A recent Karnataka High Court ruling in an appeal filed by ICICI Econet Internet and Technology Fund and others may ease the potential service tax burden of private equity and venture capital funds (VCFs).

In 2021, the Customs, Excise and Service Tax Appellate Tribunal, Bangalore (CESTAT) had held that these funds managed the money of investors like a banking or financial institution, making them liable to pay service tax. The amount held by the funds for their own expenses were considered as consideration towards performance of services. The carried interest paid to unit holders was deemed to be a “performance fee”, and not a return on investment.

‘Pass-through vehicle’

In its February 8 order, the High Court stated that VCFs set up as trusts cannot be considered as a person for levy of service. This is because the Finance Act does not consider a trust to be a juridical person. Further, the trusts are pass-through in nature wherein funds from contributors are consolidated and invested by the investment manager. “The High Court ruling suggests that the fund is not rendering any services, given the principle of mutuality and is only a pass-through vehicle pooling investors’ capital and putting it to work. This hopefully eliminates any future question about the nature of the fund and its relationship with its contributors,” said Siddharth Shah, Senior Partner, Khaitan & Co.

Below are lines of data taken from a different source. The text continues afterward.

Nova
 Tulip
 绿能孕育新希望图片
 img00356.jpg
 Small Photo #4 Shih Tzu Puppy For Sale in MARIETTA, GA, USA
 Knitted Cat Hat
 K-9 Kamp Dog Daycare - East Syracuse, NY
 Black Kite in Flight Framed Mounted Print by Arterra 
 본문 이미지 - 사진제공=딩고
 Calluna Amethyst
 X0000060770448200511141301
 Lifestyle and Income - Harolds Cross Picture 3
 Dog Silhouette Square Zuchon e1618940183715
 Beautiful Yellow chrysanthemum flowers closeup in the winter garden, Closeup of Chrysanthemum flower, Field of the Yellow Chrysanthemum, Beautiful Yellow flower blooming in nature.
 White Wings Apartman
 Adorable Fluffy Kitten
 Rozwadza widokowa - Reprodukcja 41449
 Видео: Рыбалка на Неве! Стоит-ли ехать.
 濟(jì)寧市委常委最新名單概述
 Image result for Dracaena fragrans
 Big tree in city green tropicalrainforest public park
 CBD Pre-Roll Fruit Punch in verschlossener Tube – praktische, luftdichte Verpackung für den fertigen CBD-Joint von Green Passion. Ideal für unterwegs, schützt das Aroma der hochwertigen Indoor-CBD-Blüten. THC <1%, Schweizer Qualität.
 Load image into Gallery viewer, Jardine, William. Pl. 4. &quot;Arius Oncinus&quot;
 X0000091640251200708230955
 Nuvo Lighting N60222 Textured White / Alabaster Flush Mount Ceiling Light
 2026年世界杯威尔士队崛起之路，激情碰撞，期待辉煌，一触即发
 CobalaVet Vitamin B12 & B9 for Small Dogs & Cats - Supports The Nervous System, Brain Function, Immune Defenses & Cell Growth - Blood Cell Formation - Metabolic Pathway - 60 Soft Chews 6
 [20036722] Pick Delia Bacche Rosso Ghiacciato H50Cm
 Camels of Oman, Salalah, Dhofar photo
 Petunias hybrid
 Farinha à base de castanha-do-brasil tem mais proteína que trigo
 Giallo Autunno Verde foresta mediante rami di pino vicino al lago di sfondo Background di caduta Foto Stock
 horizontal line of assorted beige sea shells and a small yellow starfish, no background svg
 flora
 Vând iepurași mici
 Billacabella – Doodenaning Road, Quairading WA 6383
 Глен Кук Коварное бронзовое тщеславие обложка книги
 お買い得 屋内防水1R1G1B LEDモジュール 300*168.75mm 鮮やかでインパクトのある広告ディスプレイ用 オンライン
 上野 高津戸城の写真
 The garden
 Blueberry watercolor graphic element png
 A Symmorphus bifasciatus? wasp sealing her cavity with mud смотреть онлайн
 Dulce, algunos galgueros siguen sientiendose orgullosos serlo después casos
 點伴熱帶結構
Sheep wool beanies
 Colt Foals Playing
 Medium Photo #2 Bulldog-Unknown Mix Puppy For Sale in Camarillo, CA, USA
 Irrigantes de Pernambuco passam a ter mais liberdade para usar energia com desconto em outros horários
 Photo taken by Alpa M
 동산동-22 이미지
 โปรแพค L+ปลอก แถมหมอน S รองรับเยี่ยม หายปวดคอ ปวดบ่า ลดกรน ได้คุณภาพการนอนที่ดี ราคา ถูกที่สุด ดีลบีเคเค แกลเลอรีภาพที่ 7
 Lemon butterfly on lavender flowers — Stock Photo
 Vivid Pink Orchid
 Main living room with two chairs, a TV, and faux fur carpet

The order said the doctrine of mutuality must apply to a contributor investing into a fund as the two cannot be dissected as two different entities. Since there cannot be any service to self, service tax cannot apply to the VCF. “The CESTAT ruling had caused quite a stir and while fund houses were not paying taxes upfront, they had become cautious and were preparing for an adverse impact. This ruling brings much needed respite, although a more detailed order on the issue would have helped,” said Ashish Sodhani, Partner, Parakram Legal.

Yashesh Ashar, Partner at Illume Advisory believes that any GST levied by such funds in future would have been passed on to the contributors as costs. Accordingly, various funds which were in an exit mode had started mulling different structures for creating reserves at the time of exit and informing the same to the investors. This position of the fund managers may be re-evaluated post the HC decision depending on the language adopted in the fund documents, he said.

Commercial arrangement

“The HC has acknowledged the commercial arrangement between the contributors and the investment manager. The trust is distributing the money as per the distribution waterfall mechanism agreed between the parties and this does not violate the principle of mutuality,” Ashar said.

The characterisation of the carried interest in the hands of the fund manager, however, was not discussed by the court. “The order has not settled the issue of levying GST on ‘carried interest’ or performance fees. That matter is still being examined by the tribunal and remains subjudice,” said Shah.

The tax authorities may choose to appeal against the order in the Supreme Court.